The answer must reproduce exactly the lines from the one with "Custom Shh I'm" through the end of the material, and it must contain no pictures.

Dataset extract.
=====

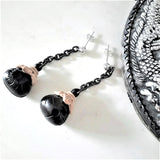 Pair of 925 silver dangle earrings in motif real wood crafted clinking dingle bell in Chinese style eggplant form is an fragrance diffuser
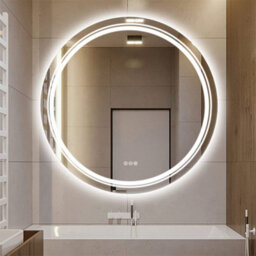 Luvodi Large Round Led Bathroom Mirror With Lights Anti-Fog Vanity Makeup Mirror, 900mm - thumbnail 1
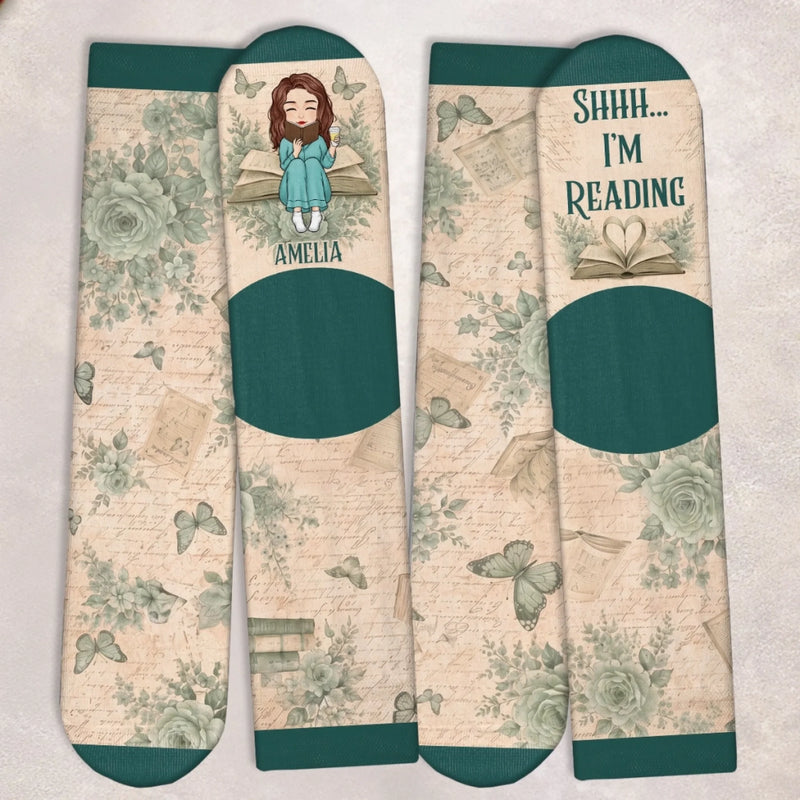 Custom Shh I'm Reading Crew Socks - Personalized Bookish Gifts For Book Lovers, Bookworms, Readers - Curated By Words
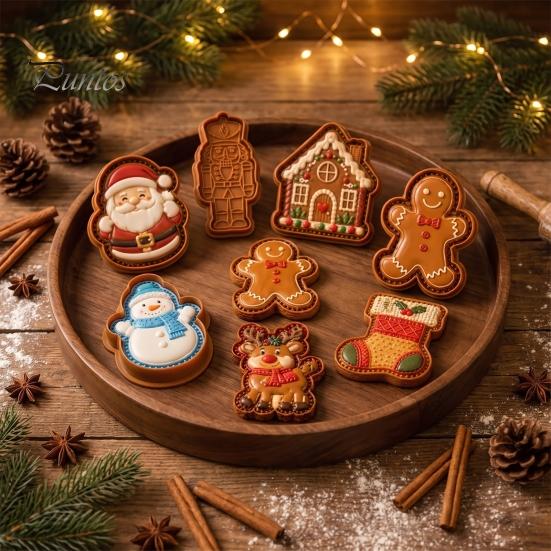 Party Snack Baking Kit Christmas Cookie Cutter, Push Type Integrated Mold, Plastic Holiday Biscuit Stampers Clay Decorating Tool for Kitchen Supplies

=====

Answer.
 Custom Shh I'm Reading Crew Socks - Personalized Bookish Gifts For Book Lovers, Bookworms, Readers - Curated By Words
 Party Snack Baking Kit Christmas Cookie Cutter, Push Type Integrated Mold, Plastic Holiday Biscuit Stampers Clay Decorating Tool for Kitchen Supplies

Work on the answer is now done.